Source records –
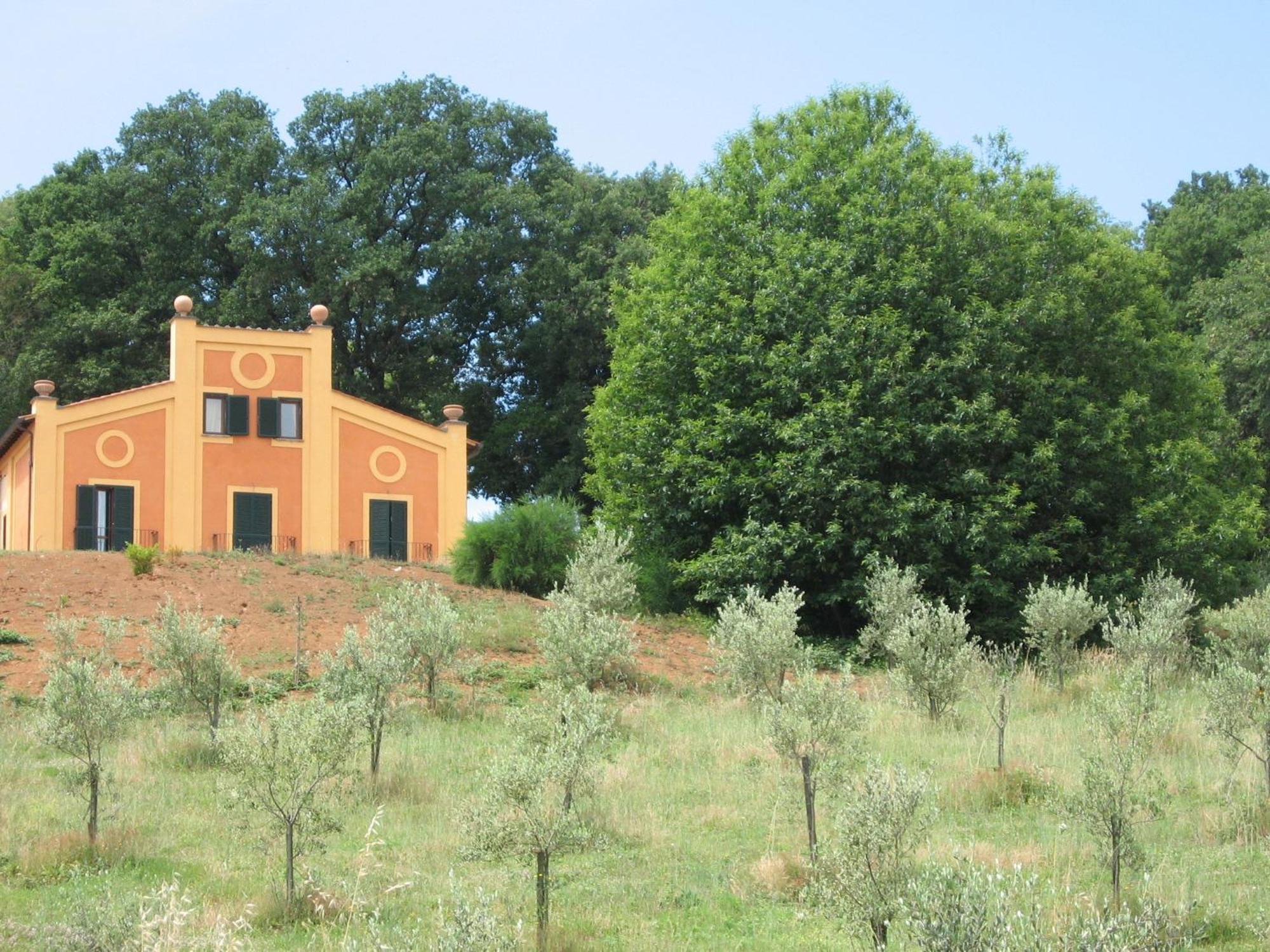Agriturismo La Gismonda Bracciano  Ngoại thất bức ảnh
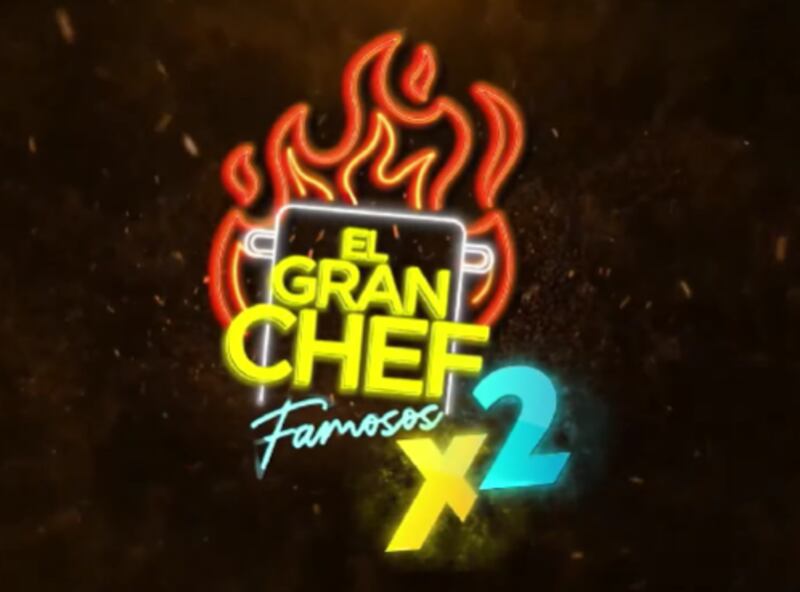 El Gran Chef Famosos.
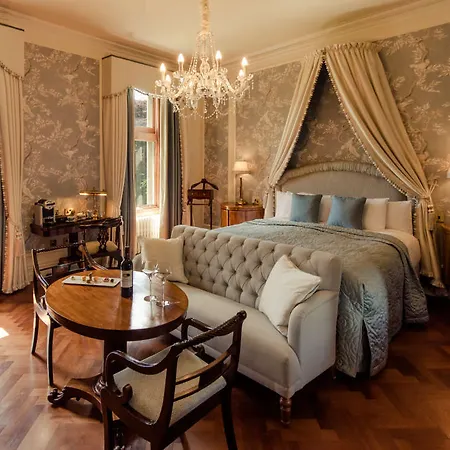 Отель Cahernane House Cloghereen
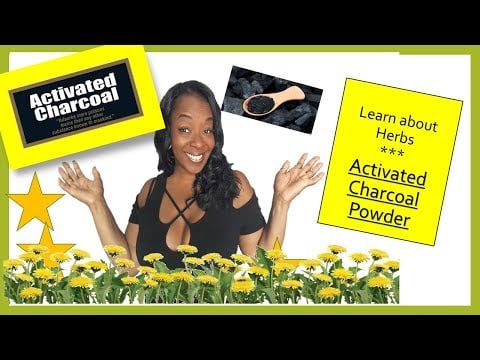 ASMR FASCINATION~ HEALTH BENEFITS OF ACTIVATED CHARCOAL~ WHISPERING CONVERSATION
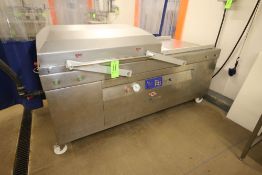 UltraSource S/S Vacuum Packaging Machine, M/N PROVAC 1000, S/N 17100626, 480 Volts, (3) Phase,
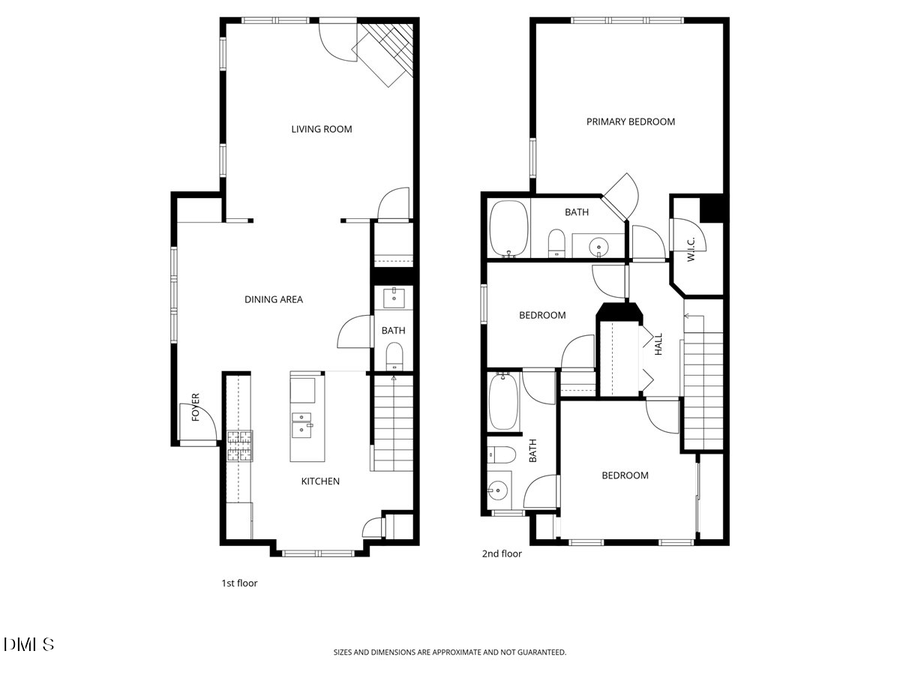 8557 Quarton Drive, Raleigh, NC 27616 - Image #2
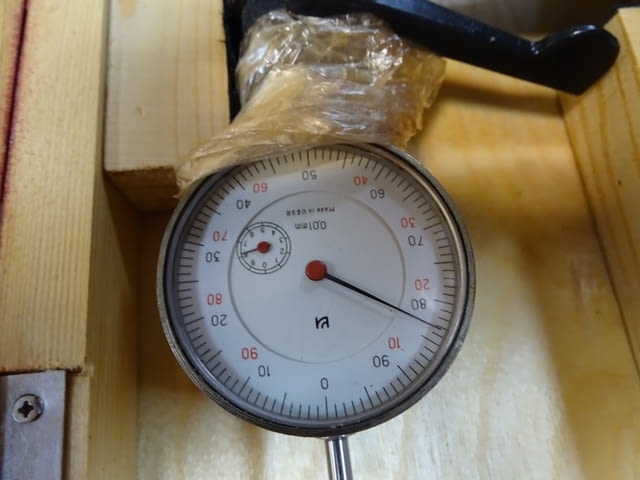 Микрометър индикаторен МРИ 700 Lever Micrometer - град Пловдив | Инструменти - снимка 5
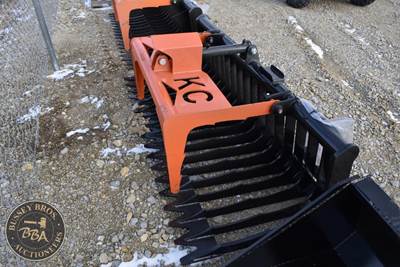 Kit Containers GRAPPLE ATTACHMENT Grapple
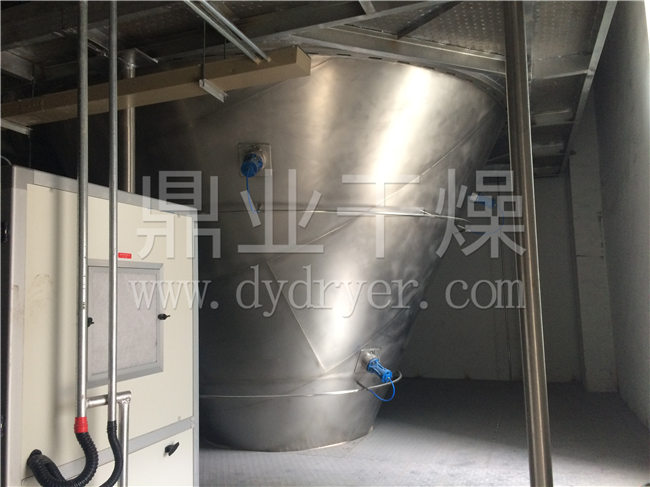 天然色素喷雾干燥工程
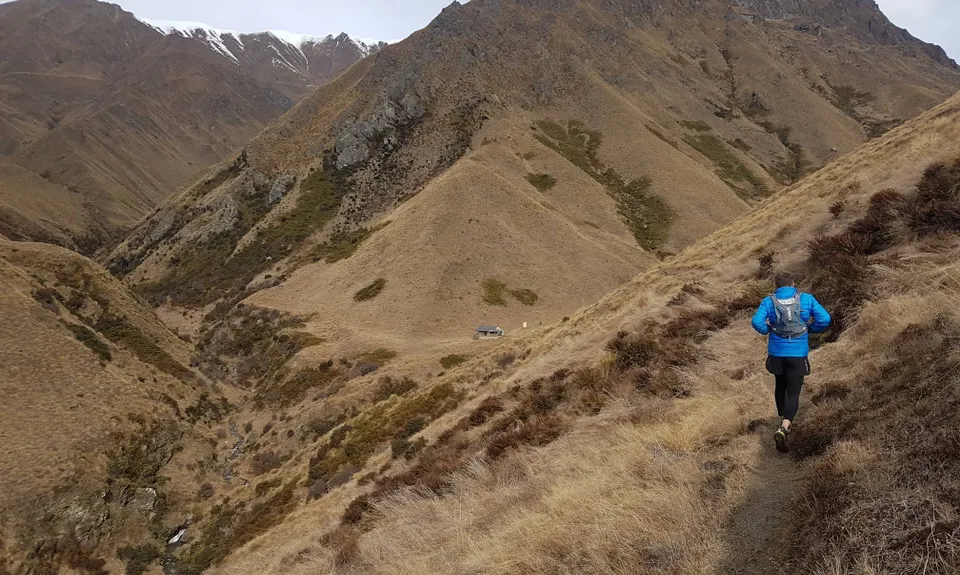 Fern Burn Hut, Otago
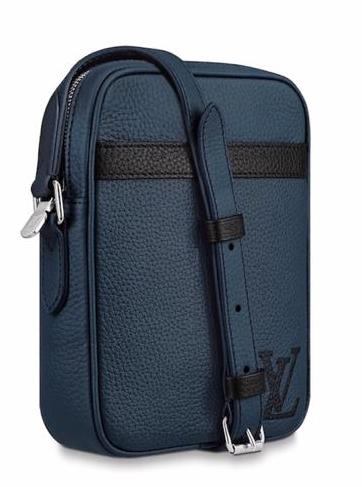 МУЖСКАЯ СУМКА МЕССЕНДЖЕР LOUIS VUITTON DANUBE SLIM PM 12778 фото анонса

Exercise prompt – The entries above need to be repeated word for word, minus their pictures.

Solution below –
Agriturismo La Gismonda Bracciano  Ngoại thất bức ảnh
 El Gran Chef Famosos.
 Отель Cahernane House Cloghereen
 ASMR FASCINATION~ HEALTH BENEFITS OF ACTIVATED CHARCOAL~ WHISPERING CONVERSATION
 UltraSource S/S Vacuum Packaging Machine, M/N PROVAC 1000, S/N 17100626, 480 Volts, (3) Phase,
 8557 Quarton Drive, Raleigh, NC 27616 - Image #2
 Микрометър индикаторен МРИ 700 Lever Micrometer - град Пловдив | Инструменти - снимка 5
 Kit Containers GRAPPLE ATTACHMENT Grapple
 天然色素喷雾干燥工程
 Fern Burn Hut, Otago
 МУЖСКАЯ СУМКА МЕССЕНДЖЕР LOUIS VUITTON DANUBE SLIM PM 12778 фото анонса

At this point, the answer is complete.